Research to Action spurs exchanges about health inequity
Author: Laura Gleim, Institute for Sustainable Solutions
Posted: March 4, 2014

At what’s been billed “speed dating for scientists,” the Research to Action Symposium hosted by Portland State University last week brought together more than a hundred people to pollinate ideas and share projects in the field of health equity.

In quick succession, researchers from PSU, Oregon Health & Science University, government agencies, and local organizations presented 5-minute snapshots about their work on the topic of social determinants of heath—the complex social structures and economic systems that are responsible for health inequities in our society. 

Portland-area organizations and agencies are working together through the PSU Social Determinants of Health Initiative to better understand and address the factors that take a toll on community health. 

“Anybody who ever has tried to diagnose and treat disease knows that it goes far beyond biology and even far beyond health care,” said Christina Nicolaidis, a medical doctor at OHSU and professor at PSU who leads the initiative. “We know the problems that exist.
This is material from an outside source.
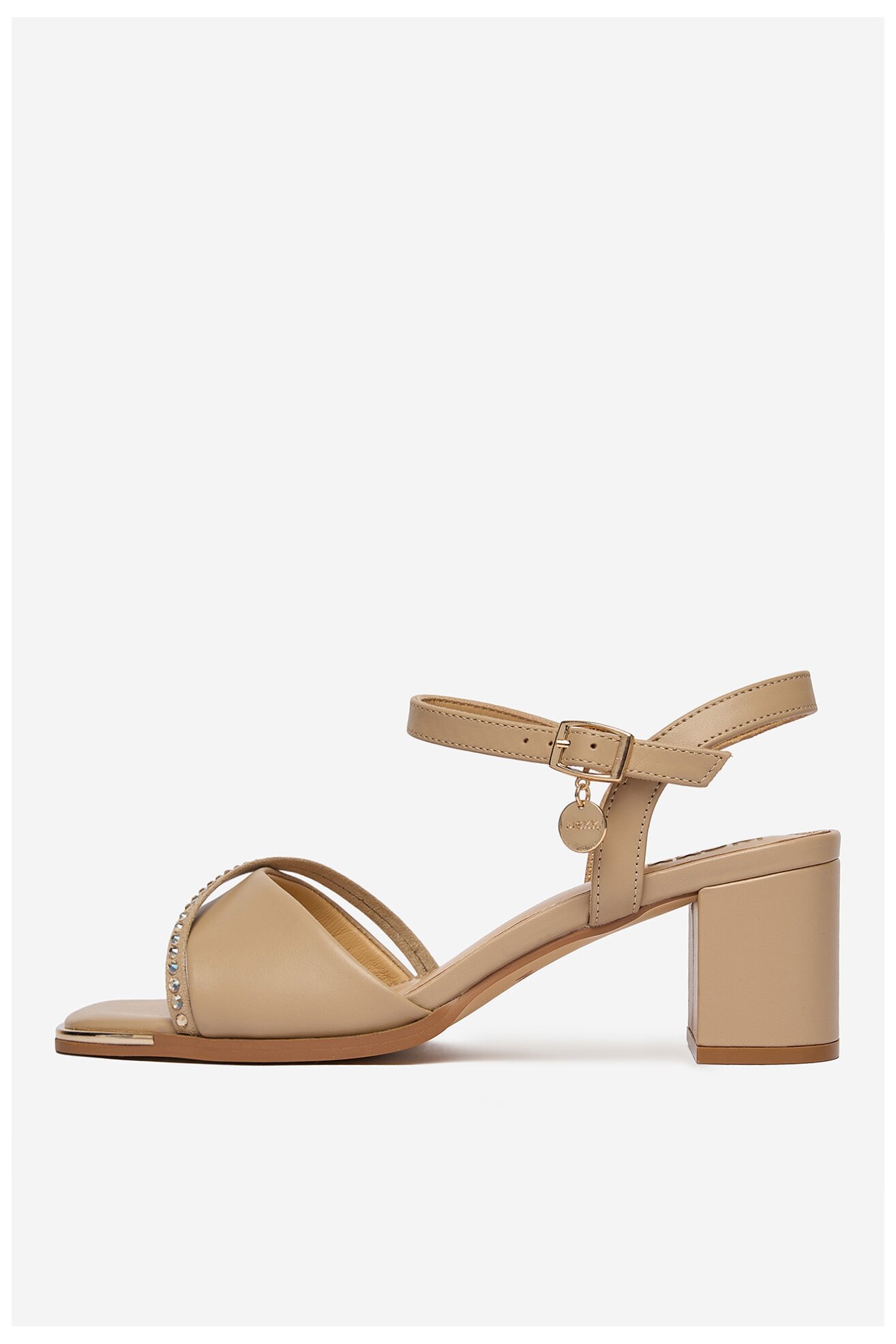 Sandały Mexx EO-WS1161-05 Beżowy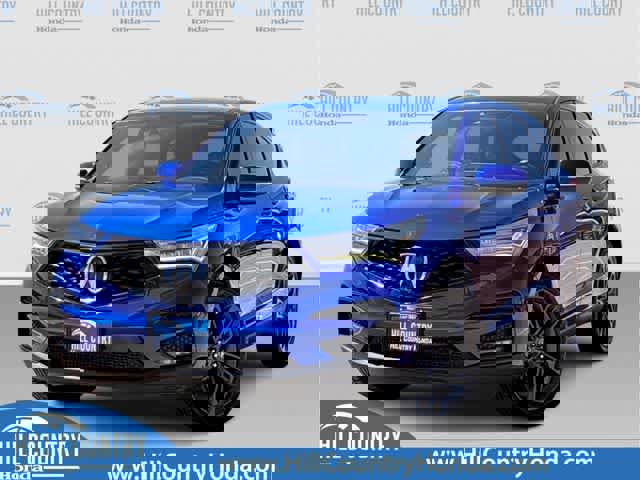 Used 2021 Acura RDX A-Spec image 1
We know we have incredible inequities in health, incredible inequities in health care. The point now is—what do we do about it?” 

The goal of the symposium, part of the Institute for Sustainable Solutions’ aptly named Research to Action event series, was to spur collaboration and begin doing just that.

Presentation highlights include:

  • Multnomah County Health Department’s Ben Duncan examining the “deadly intersections of race and class” in public health practices—like the paradox of “telling someone to eat right when they don’t have fresh food in their neighborhood or to exercise when they don’t feel safe walking.” 
  • Attendees heard from Maylyn, a young woman who grew up in foster care and couldn’t read in middle school because she didn’t attend second, third, or fourth grade, but who participated in PSU’s My Life foster child empowerment program and is now enrolled in college. “How am I supposed to know something if I wasn’t taught it?” she said.
  • Engineering professor Miguel Figliozzi discussing the disparities of transportation infrastructure and their effects on health (low income areas typically experience worse air quality and fewer safe routes on which to bike and walk). “Believe it or not, engineers care about health too,” he said.
  • PSU Provost Sona Andrews and engineering professor Evan Thomas speaking separately about the potential for the proposed joint School of Public Health at PSU and OHSU. “I see an opportunity to make Portland competitive in the [global public health] field. PSU and OHSU by ourselves are not competitive—together we could be,” said Thomas.
  • Bobby Cochran from Willamette Partnership discussing the links between environmental conservation and human health. “If you ask people why they care about conservation, they say ‘clean air, clean water, natural places to play’—really they care about the environment because they care about health.”

“It’s speed dating, but not just for scientists—it's really for anyone who's engaged in trying to understand and resolve critical issues that we're facing as a society,” said Jennifer Allen, director of PSU’s Institute for Sustainable Solutions.

And Nicolaidis reminded us: “speed dating is just the first date—hopefully there will be some second and third dates, and maybe some marriages.”

The Institute for Sustainable Solutions at Portland State has hosted previous Research to Action Symposiums on the topics of urban sustainability and ecosystem services. The next symposium is planned for May 16 on the topic of food systems.